* **Your instructions**:
Pull out of the data below the stretch of lines bounded by the one containing "Lenovo ThinkPad e15 gen 2" and the one containing "1200 S Main St, Old Forge, PA 18518", both bounds included, unchanged.

* **Short text fragments from websites**:
^^^^
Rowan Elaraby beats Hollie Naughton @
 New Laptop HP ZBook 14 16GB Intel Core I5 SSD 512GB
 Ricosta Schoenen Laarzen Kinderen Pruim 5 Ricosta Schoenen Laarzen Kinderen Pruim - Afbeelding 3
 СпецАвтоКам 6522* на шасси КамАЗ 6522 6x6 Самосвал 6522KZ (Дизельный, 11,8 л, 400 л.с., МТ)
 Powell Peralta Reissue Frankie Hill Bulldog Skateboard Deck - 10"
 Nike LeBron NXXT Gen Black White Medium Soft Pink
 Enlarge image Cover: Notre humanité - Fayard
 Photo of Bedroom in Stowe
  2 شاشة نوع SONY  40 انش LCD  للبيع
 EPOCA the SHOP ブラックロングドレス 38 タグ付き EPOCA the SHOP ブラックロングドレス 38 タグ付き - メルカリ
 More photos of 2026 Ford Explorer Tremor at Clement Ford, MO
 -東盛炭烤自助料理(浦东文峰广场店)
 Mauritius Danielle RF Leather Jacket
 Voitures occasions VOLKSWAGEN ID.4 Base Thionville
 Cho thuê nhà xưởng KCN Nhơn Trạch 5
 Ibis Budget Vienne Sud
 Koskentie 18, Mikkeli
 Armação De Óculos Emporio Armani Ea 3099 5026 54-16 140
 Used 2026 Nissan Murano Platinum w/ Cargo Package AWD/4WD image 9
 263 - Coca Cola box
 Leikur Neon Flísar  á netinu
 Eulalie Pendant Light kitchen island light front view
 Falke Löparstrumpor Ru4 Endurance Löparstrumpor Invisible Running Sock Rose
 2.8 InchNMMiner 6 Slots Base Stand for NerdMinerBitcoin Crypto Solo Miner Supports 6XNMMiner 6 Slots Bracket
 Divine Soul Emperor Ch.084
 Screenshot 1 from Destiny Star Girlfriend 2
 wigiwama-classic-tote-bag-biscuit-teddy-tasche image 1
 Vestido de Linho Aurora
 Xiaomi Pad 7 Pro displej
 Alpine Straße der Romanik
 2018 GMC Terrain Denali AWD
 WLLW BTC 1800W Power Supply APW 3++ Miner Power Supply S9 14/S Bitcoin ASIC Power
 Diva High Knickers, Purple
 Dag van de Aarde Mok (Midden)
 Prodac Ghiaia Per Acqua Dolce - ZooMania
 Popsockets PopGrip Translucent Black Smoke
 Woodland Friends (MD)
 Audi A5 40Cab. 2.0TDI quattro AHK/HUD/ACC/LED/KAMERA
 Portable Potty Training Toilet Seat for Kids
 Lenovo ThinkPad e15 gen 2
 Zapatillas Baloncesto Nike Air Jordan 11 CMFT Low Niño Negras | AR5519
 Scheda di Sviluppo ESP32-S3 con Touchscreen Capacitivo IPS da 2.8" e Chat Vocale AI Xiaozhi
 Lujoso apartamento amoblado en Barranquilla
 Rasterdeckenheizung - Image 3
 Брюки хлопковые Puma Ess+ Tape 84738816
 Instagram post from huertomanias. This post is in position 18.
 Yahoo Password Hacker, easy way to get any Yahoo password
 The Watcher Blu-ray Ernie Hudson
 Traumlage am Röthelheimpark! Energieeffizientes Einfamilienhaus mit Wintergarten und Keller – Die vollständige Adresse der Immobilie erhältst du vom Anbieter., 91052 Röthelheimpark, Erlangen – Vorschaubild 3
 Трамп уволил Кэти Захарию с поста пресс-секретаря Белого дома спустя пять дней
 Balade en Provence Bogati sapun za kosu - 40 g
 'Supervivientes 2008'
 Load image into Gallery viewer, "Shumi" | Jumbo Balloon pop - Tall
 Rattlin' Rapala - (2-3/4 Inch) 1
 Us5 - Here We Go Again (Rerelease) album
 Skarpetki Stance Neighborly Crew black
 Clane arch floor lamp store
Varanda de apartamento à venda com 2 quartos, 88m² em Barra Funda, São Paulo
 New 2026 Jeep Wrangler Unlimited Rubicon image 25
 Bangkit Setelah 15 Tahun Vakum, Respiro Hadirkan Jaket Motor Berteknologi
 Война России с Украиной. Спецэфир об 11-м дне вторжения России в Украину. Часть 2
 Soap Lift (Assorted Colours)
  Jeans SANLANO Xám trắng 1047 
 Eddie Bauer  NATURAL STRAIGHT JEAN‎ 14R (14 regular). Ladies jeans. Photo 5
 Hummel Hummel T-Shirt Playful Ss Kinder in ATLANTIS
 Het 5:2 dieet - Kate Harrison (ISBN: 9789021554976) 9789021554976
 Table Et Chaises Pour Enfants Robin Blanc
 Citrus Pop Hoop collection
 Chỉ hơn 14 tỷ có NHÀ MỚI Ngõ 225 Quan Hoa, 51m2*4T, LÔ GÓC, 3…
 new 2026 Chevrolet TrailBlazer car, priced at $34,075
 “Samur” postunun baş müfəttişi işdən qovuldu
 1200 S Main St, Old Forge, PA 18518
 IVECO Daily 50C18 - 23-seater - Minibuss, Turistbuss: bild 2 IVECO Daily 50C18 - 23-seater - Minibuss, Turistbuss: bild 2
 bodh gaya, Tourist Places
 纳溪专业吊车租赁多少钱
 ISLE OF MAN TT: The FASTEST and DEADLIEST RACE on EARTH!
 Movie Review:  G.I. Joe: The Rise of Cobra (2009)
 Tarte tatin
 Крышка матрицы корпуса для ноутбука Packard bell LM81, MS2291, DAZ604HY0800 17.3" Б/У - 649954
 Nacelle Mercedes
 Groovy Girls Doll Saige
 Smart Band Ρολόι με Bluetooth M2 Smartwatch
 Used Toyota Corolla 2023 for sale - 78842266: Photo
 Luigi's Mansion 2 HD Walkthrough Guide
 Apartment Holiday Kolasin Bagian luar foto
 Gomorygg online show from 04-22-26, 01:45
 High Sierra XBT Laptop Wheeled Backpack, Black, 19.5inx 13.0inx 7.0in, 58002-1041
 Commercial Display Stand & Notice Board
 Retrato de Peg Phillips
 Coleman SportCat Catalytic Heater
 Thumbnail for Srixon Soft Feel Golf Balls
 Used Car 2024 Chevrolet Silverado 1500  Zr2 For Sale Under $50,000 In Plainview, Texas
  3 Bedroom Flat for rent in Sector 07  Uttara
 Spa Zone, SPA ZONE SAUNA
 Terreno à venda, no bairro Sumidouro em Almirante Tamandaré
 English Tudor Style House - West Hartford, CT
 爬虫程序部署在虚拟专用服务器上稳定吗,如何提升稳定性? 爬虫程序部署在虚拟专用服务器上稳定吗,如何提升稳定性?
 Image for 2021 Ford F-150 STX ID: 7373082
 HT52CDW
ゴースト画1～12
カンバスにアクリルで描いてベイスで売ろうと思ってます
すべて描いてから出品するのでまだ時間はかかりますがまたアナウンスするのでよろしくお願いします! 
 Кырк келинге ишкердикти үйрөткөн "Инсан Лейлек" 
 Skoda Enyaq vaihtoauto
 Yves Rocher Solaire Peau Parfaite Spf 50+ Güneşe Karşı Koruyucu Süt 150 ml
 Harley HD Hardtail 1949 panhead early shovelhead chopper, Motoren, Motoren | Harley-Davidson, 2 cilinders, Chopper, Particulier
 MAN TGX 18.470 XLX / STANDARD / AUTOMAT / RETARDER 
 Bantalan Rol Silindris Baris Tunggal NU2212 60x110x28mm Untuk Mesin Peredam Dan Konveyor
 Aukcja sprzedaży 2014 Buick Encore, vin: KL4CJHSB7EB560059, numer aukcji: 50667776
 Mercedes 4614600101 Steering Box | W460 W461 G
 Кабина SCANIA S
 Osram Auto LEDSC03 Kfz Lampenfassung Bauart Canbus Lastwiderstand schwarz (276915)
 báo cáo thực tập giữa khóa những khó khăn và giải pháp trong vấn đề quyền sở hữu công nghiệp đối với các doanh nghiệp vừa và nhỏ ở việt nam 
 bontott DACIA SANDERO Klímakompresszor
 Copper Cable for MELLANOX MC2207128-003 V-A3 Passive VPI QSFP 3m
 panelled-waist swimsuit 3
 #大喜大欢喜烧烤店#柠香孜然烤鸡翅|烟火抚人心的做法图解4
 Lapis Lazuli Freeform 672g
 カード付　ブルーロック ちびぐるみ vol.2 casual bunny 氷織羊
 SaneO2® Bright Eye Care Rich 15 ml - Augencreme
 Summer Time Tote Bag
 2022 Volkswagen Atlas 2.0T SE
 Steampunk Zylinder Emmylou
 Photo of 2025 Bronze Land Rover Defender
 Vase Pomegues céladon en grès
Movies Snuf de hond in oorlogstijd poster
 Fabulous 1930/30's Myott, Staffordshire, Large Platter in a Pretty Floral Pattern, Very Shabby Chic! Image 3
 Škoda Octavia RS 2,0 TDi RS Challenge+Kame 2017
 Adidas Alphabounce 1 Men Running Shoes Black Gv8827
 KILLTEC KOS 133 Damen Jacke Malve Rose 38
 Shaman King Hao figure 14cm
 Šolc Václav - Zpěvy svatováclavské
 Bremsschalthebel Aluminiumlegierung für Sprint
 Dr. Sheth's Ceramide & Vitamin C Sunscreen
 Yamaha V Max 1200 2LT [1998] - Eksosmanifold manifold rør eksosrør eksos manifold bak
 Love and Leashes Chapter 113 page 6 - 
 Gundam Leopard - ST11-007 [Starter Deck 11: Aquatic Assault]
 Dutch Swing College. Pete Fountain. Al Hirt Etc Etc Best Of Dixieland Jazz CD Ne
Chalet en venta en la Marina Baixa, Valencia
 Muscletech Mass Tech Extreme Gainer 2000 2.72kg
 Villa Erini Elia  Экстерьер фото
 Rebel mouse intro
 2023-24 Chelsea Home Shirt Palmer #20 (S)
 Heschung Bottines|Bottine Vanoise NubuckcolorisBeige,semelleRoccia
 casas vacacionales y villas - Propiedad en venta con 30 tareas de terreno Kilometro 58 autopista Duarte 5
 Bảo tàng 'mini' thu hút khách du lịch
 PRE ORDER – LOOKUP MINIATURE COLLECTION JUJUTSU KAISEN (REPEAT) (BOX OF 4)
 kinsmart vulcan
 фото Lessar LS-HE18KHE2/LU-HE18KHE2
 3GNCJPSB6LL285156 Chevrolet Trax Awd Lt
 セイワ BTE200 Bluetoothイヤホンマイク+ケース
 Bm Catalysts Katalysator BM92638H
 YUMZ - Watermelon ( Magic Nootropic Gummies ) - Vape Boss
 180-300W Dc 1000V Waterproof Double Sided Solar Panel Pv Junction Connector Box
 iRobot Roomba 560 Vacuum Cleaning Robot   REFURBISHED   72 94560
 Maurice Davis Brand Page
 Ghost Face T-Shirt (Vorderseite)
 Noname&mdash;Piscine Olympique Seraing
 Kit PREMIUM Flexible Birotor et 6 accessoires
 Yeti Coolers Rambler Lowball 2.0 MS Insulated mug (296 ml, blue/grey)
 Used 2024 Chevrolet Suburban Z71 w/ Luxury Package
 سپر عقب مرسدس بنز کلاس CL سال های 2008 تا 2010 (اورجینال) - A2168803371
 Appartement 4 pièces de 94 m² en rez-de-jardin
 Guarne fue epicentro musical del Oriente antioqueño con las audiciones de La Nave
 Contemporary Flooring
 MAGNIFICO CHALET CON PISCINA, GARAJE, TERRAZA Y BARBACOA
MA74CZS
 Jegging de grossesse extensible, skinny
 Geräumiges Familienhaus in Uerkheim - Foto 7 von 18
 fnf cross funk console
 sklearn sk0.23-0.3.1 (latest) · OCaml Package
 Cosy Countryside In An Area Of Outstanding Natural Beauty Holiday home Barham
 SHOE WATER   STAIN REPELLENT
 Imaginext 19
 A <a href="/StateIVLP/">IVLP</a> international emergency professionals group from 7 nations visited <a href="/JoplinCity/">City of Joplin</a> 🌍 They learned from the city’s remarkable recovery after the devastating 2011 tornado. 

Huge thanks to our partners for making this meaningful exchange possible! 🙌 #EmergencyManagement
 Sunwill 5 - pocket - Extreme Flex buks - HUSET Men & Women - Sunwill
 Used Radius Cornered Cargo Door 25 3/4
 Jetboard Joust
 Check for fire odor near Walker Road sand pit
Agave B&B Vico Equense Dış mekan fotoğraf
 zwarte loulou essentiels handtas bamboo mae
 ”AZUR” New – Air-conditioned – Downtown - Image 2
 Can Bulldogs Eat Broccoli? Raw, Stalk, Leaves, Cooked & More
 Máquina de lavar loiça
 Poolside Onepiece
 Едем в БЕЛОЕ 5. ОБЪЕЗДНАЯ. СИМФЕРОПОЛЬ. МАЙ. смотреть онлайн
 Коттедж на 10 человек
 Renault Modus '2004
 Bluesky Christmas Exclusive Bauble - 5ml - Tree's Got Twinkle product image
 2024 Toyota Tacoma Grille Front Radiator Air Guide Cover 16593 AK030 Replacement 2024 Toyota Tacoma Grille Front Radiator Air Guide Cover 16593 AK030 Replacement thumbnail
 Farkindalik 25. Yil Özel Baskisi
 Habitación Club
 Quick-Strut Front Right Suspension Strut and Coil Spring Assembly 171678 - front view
^^^^
* **Problem solution**:
 Lenovo ThinkPad e15 gen 2
 Zapatillas Baloncesto Nike Air Jordan 11 CMFT Low Niño Negras | AR5519
 Scheda di Sviluppo ESP32-S3 con Touchscreen Capacitivo IPS da 2.8" e Chat Vocale AI Xiaozhi
 Lujoso apartamento amoblado en Barranquilla
 Rasterdeckenheizung - Image 3
 Брюки хлопковые Puma Ess+ Tape 84738816
 Instagram post from huertomanias. This post is in position 18.
 Yahoo Password Hacker, easy way to get any Yahoo password
 The Watcher Blu-ray Ernie Hudson
 Traumlage am Röthelheimpark! Energieeffizientes Einfamilienhaus mit Wintergarten und Keller – Die vollständige Adresse der Immobilie erhältst du vom Anbieter., 91052 Röthelheimpark, Erlangen – Vorschaubild 3
 Трамп уволил Кэти Захарию с поста пресс-секретаря Белого дома спустя пять дней
 Balade en Provence Bogati sapun za kosu - 40 g
 'Supervivientes 2008'
 Load image into Gallery viewer, "Shumi" | Jumbo Balloon pop - Tall
 Rattlin' Rapala - (2-3/4 Inch) 1
 Us5 - Here We Go Again (Rerelease) album
 Skarpetki Stance Neighborly Crew black
 Clane arch floor lamp store
Varanda de apartamento à venda com 2 quartos, 88m² em Barra Funda, São Paulo
 New 2026 Jeep Wrangler Unlimited Rubicon image 25
 Bangkit Setelah 15 Tahun Vakum, Respiro Hadirkan Jaket Motor Berteknologi
 Война России с Украиной. Спецэфир об 11-м дне вторжения России в Украину. Часть 2
 Soap Lift (Assorted Colours)
  Jeans SANLANO Xám trắng 1047 
 Eddie Bauer  NATURAL STRAIGHT JEAN‎ 14R (14 regular). Ladies jeans. Photo 5
 Hummel Hummel T-Shirt Playful Ss Kinder in ATLANTIS
 Het 5:2 dieet - Kate Harrison (ISBN: 9789021554976) 9789021554976
 Table Et Chaises Pour Enfants Robin Blanc
 Citrus Pop Hoop collection
 Chỉ hơn 14 tỷ có NHÀ MỚI Ngõ 225 Quan Hoa, 51m2*4T, LÔ GÓC, 3…
 new 2026 Chevrolet TrailBlazer car, priced at $34,075
 “Samur” postunun baş müfəttişi işdən qovuldu
 1200 S Main St, Old Forge, PA 18518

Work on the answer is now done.